* _WHAT THE TASK REQUIRES_: Your copy of the data below must be exact and must leave out all pictures.

* _DATA SEGMENT_:
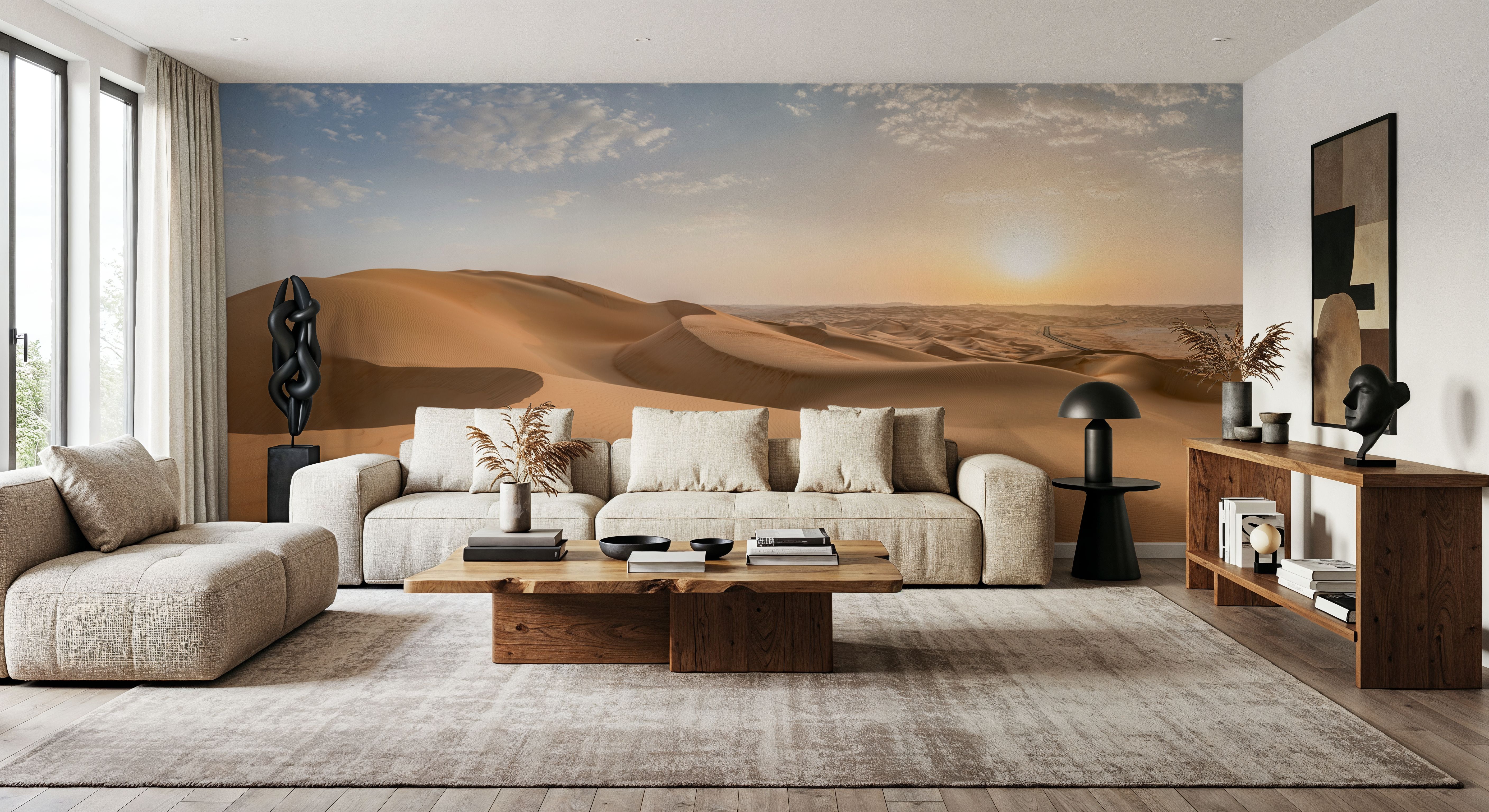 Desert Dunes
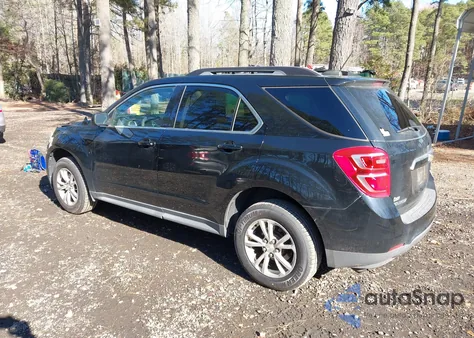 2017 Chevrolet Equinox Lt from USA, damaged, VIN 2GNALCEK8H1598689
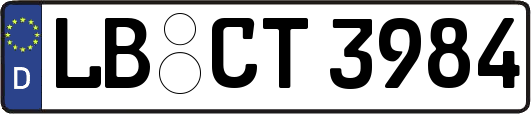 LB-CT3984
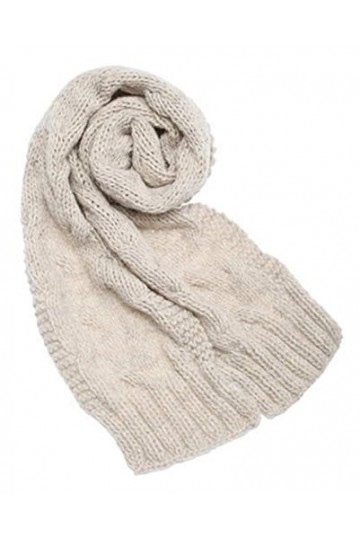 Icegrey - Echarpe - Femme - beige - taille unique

* _FINISHED EXERCISE_:
 Desert Dunes
 2017 Chevrolet Equinox Lt from USA, damaged, VIN 2GNALCEK8H1598689
 LB-CT3984
 Icegrey - Echarpe - Femme - beige - taille unique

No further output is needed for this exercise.